Чоро поехал на иноходце. Ехал он один, не стал дожидаться попутчиков. Домой хотелось быстрей, сердце побаливало. Пустил коня своим ходом, тот настоялся за день и шел теперь размашистой, прочной иноходью. Печатал копыта по вечерней дороге, как заведенная машина. Из всего прежнего осталась у него лишь одна страсть к бегу. Все другое давно уже умерло в нем. Умертвили, чтобы знал он только седло и дорогу. В беге Гульсары жил. Бежал добросовестно, неутомимо, точно бы мог догнать то, что было отнято людьми. Бежал и никогда не настигал.

На ветру в дороге Чоро немного полегчало. Отошла боль в сердце. Совещанием в целом он был доволен, очень понравилось выступление секретаря обкома, о котором он много слышал, но видел его впервые.
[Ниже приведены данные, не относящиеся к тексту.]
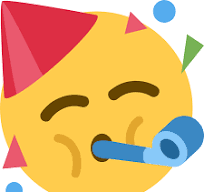 魚拓】𝘒𝘪𝘳𝘢 (@lu_a_h_kook) / X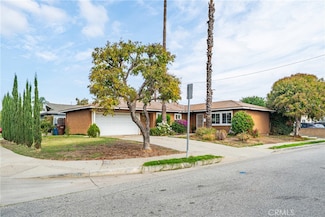 516 Faxina Ave, La Puente, CA 91744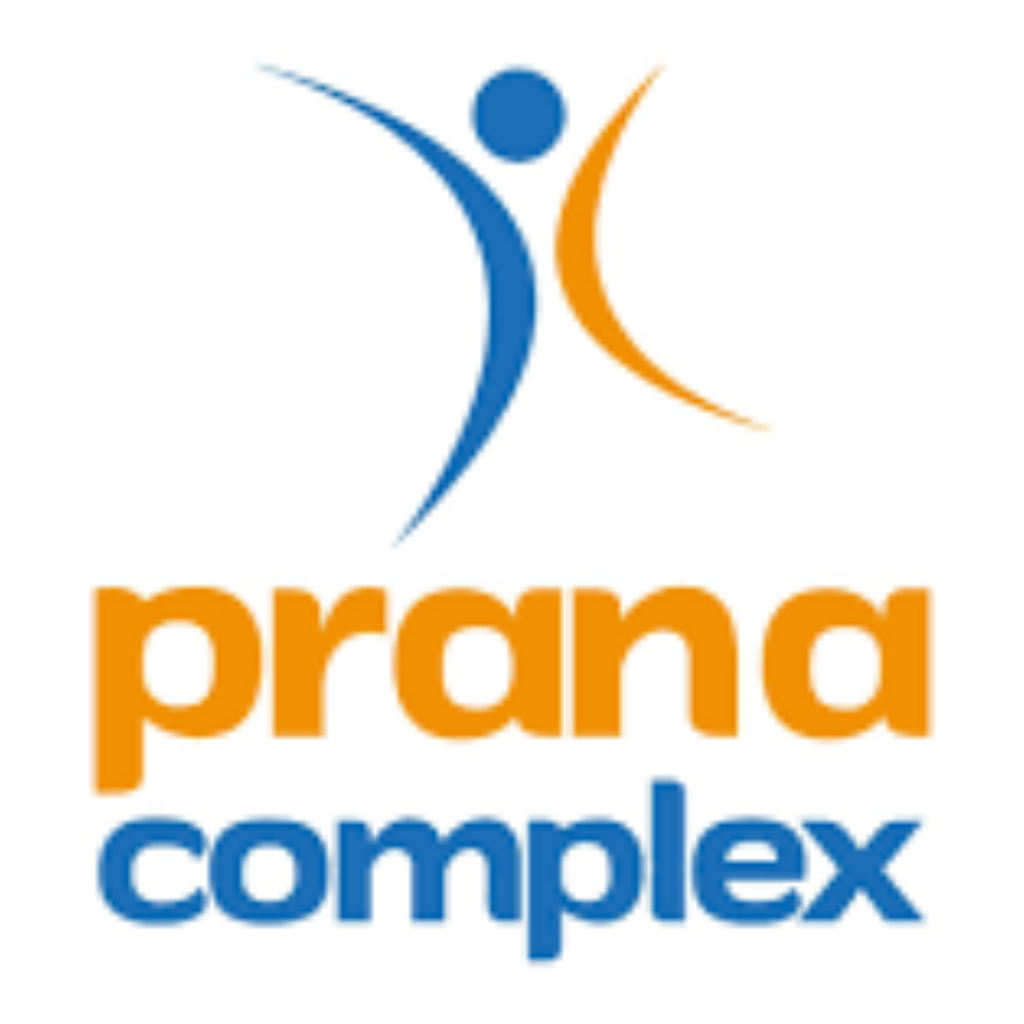 Prana Complex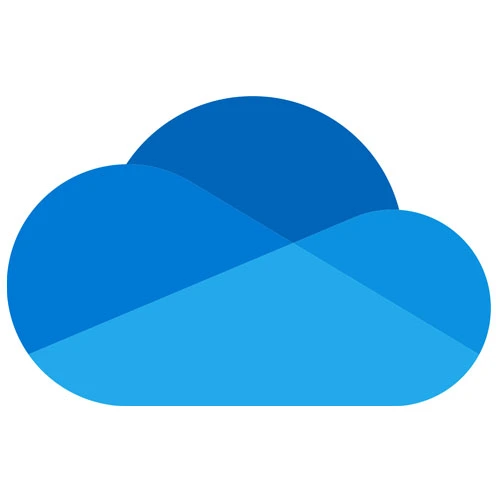 MS OneDrive for Mac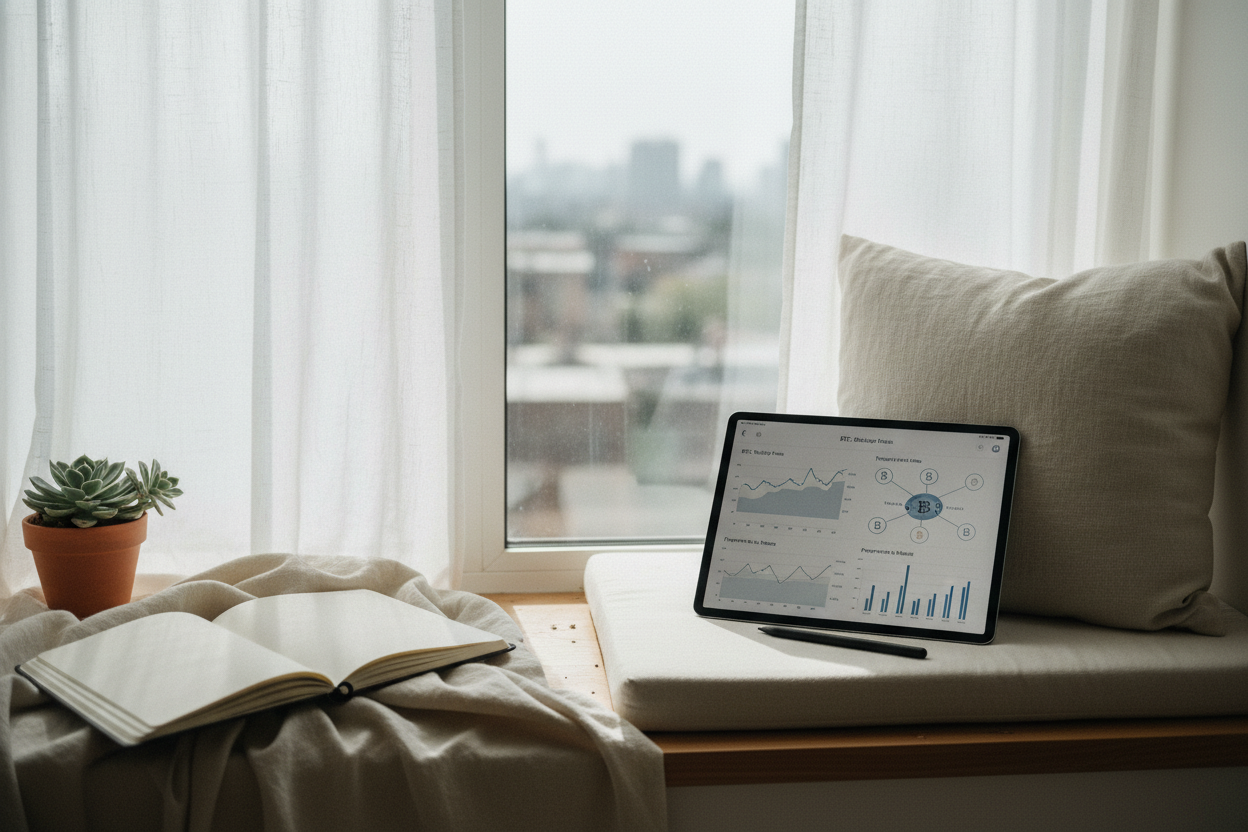 Citrea BTC Rollup Fees Tracker: 0.161 BTC Paid to Miners Since Block 925165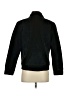 Coldwater Creek Chevron-herringbone Black Blazer Size S - photo 2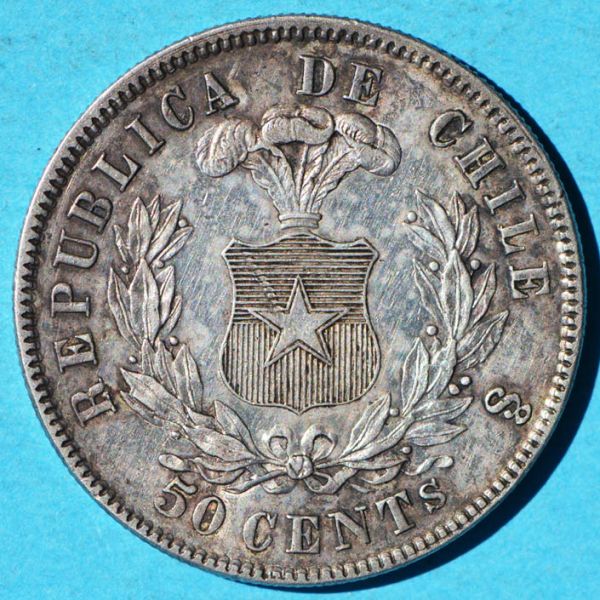 File:Chile 1870 peso rev DSLR.jpg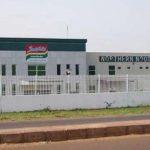 Dufil Prima opens N30bn commercial paper program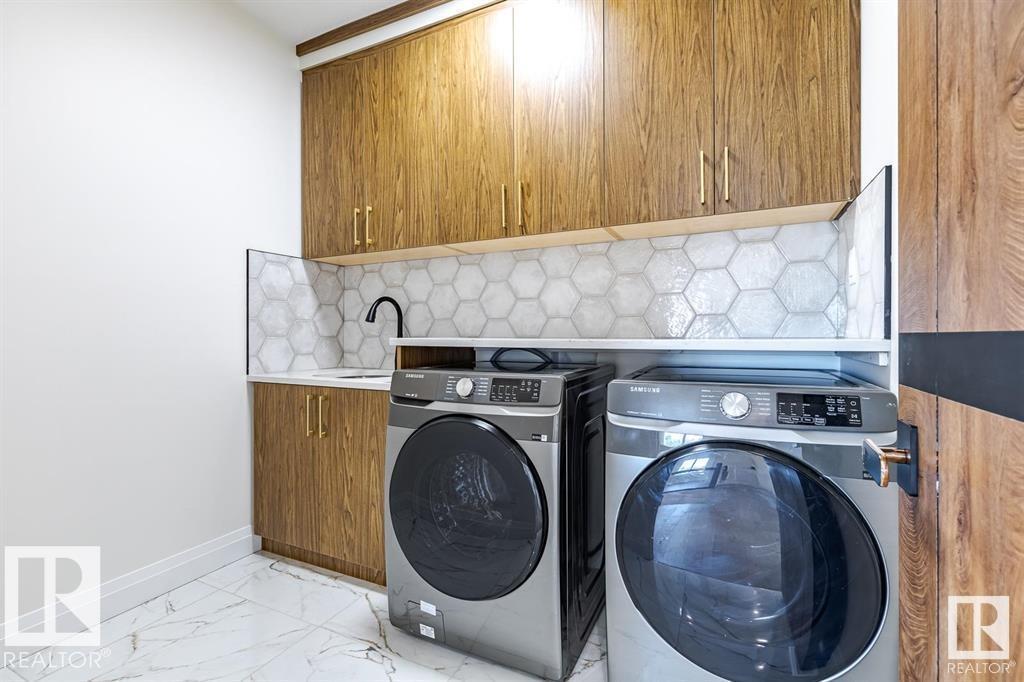 Photo 37 at 26409 Twp Rd 532a, Spring Meadow Estates, Rural Parkland County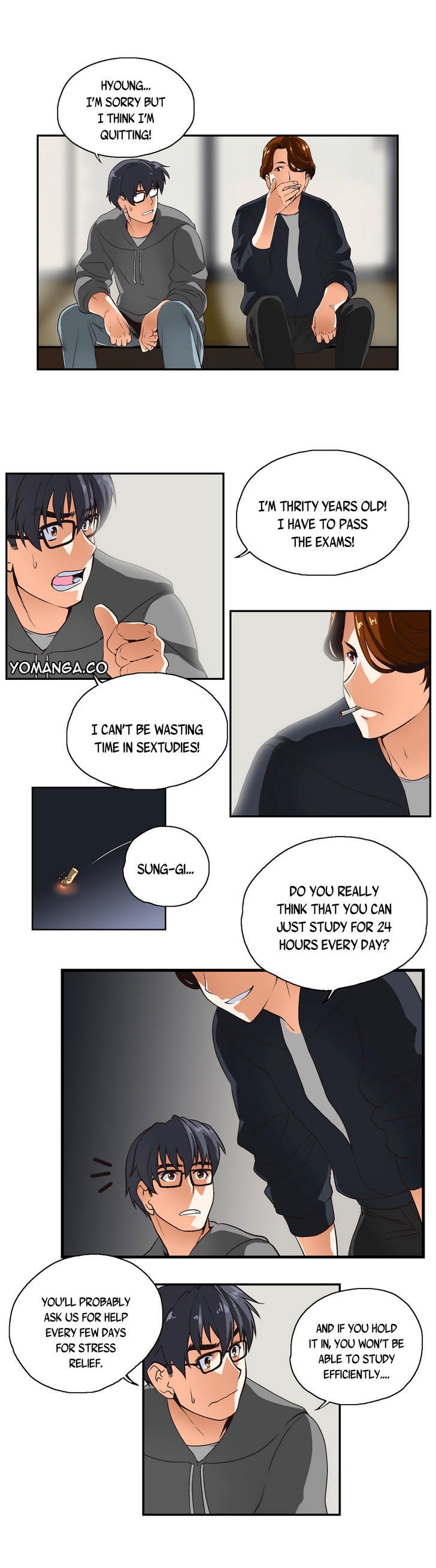 Page 7 of Chapter 3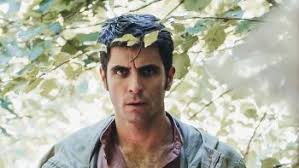 Un passo dal cielo 8, il finale è una tragedia. Ma per Manu e Nathan vince  l'amore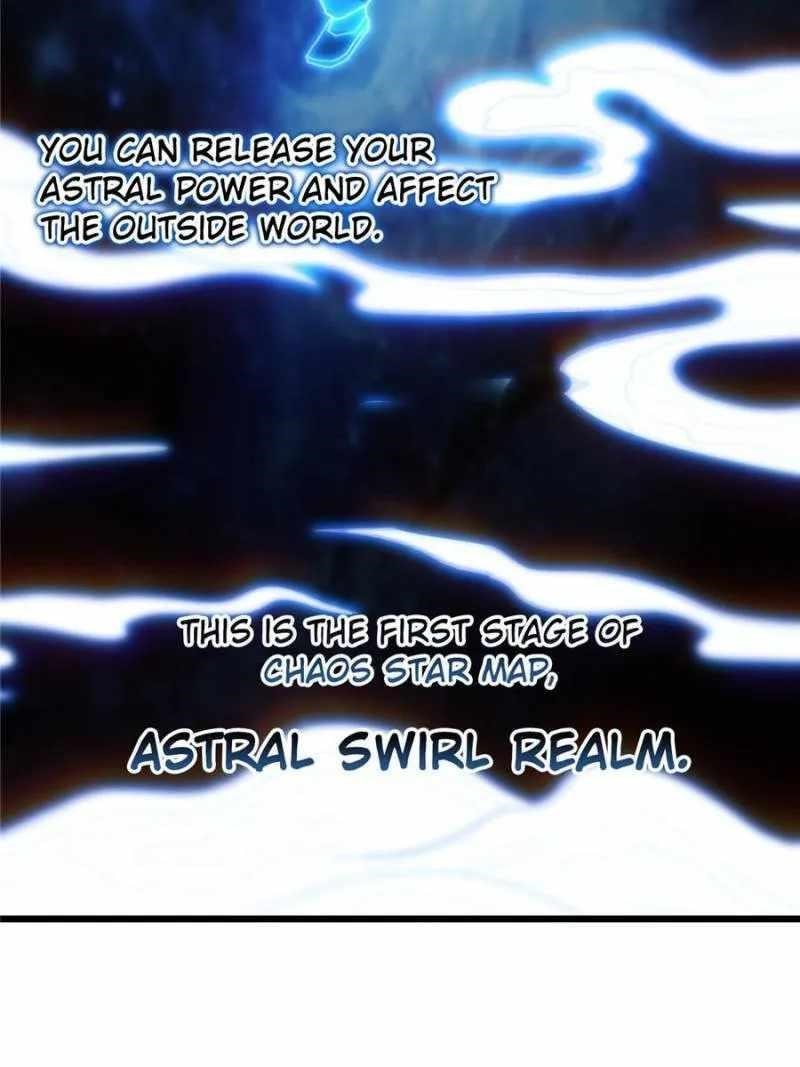 Astral Pet Store Chapter 14 - Page 5 in English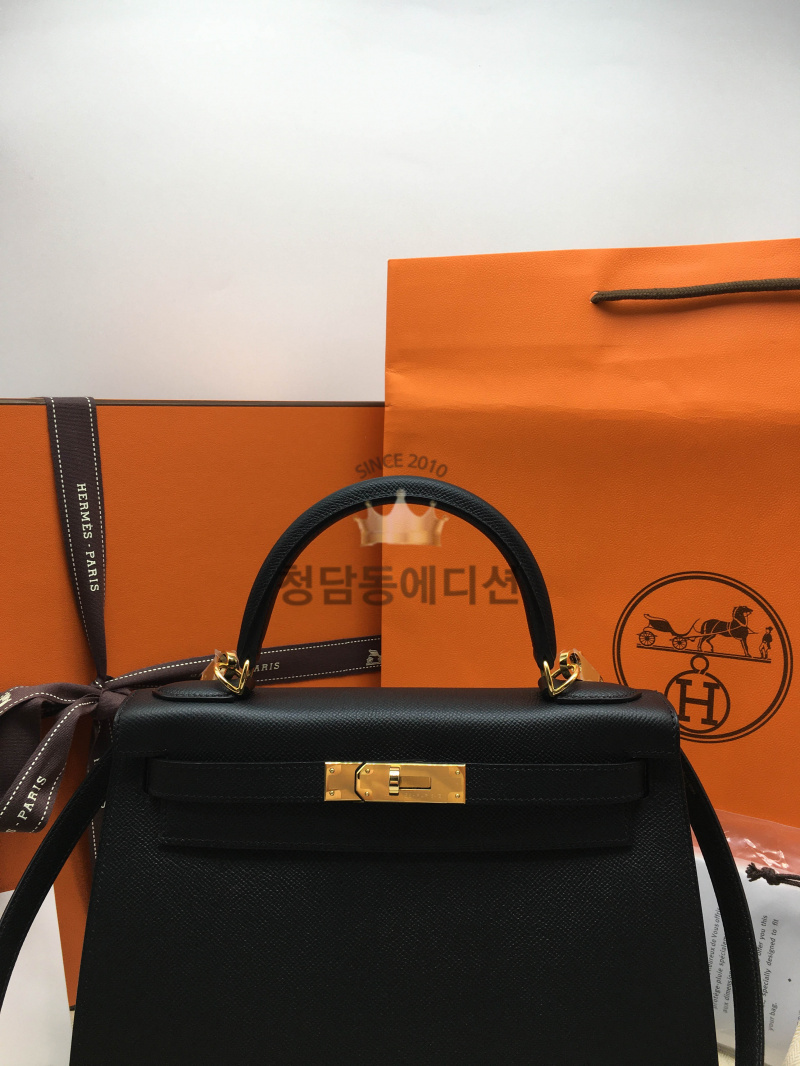 430246f21bfb8dce3cb7bfbc2d743b0f_1765360111_9467.jpg 430246f21bfb8dce3cb7bfbc2d743b0f_1765360111_9467.jpg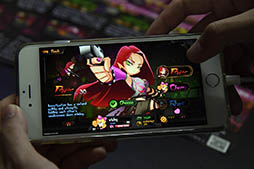 ꡼ No.008Υͥ / TGS 2016ϥ˥ĴνλҤˤʤ꥾Ӥऻ衣ޥ۸D SquadפΥץåǺ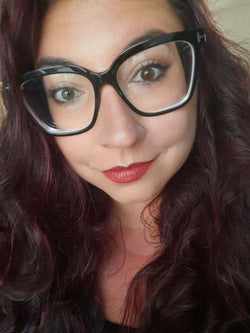 Neviraska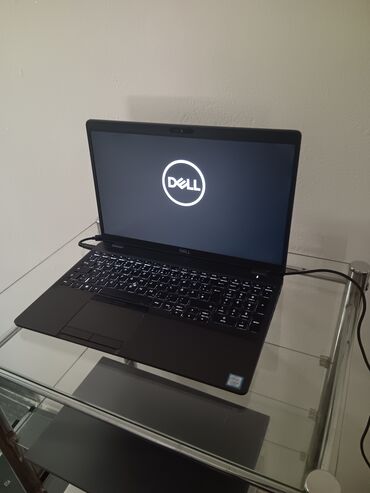 Ostali laptopovi i netbook računari: Ostali laptopovi i netbook računari — 26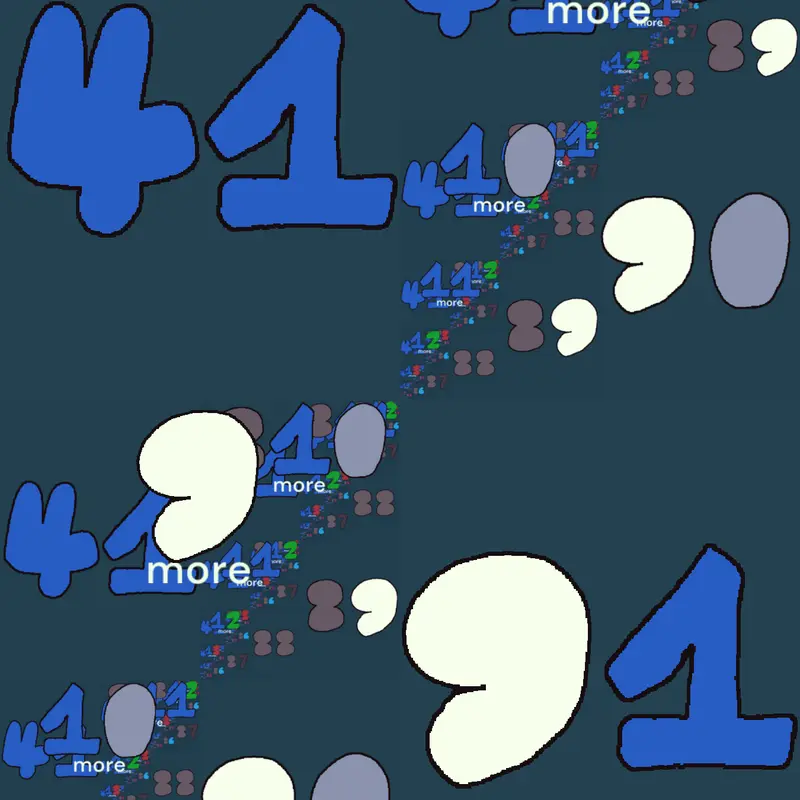 Game by @stensroot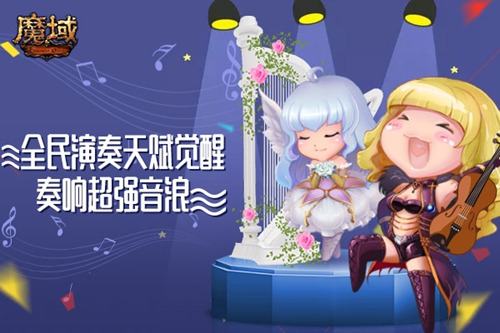 伊织萌_伊织萌_伊织萌
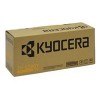 Kyocera TK 5280Y - rumena - original komplet tonerja
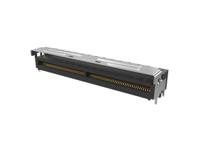 G97R26312HR, Amphenol Communications Solutions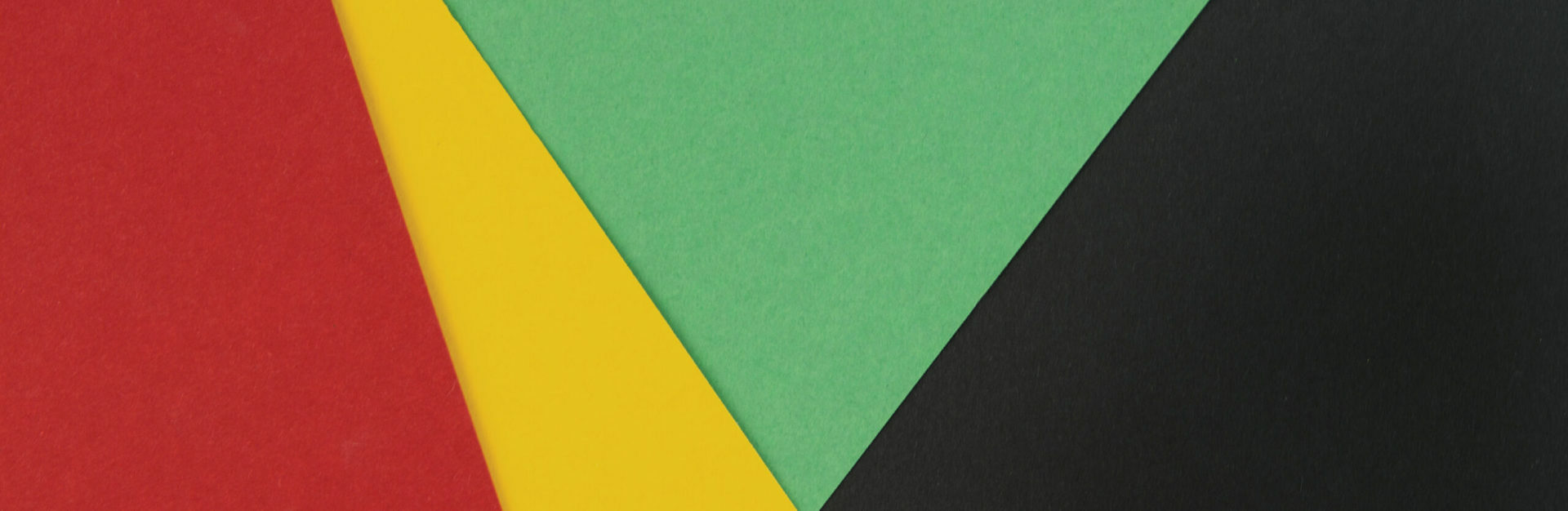 5 Black Women Changing the Media/Tech Landscape - Basis Technologies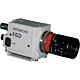 Hitachi KP-HD20AV | Compact HDTV Color Camera Image #1
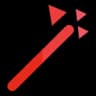 TubeMagic logo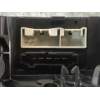 Recambio de mando calefaccion / aire acondicionado para seat altea xl (5p5) reference referencia OEM IAM   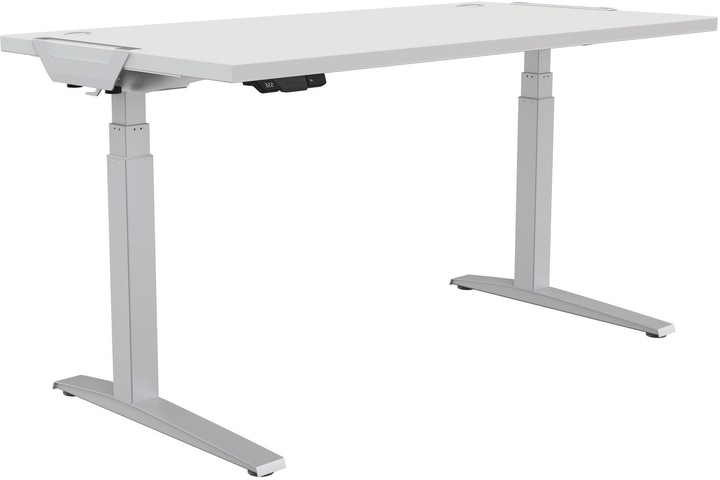 Actual product image Fellowes Levado (180 x 80 cm)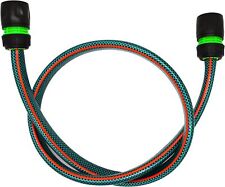 Hozelock compatible hose for sale  SLOUGH
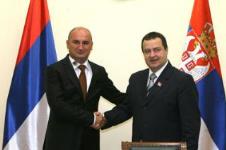 dacici-i-dzombic.jpg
И все же не совсем по себе было парторгу. Коробило душу. Ведь он Танабаю добра желал. Ведь он собаку съел на всех таких совещаниях, заседаниях и собраниях, знал, что и где надо говорить, а что не следует. Научен был. А Танабай хотя и послушался, но не желал этого понять. После совещания не обмолвился с ним ни словом. Сел в машину, отвернулся. Обиделся. Эх, Танабай, Танабай! Простак ты, ничему-то тебя жизнь не научила. Ничего-то ты не знаешь и не замечаешь. Каким был в молодости, таким и остался. Все бы тебе рубить сплеча. А времена-то уже не те. Теперь важнее всего – как сказать, при ком сказать и чтобы слово в духе времени звучало, как у всех, не выделяясь, не спотыкаясь, а гладкое, как писаное было. Тогда все будет на месте. А пусти тебя, Танабай, как душе твоей угодно, наломал бы дров, отвечать еще пришлось бы. «Как вы воспитываете членов своей организации? Что за дисциплина? Что за распущенность?» Эх, Танабай, Танабай…

14

Все та же ночь, заставшая их двоих в пути. Старый человек и старый конь. Горит костер на краю оврага. Танабай встает, в который раз поправляет шубу, накинутую на издыхающего Гульсары. И снова садится в его изголовье. Перебирает он в мыслях всю свою жизнь. Годы, годы, годы, как бег иноходца… А что было тогда, в тот год, в ту позднюю осень, в ту раннюю зиму, когда он ходил чабаном с отарой?..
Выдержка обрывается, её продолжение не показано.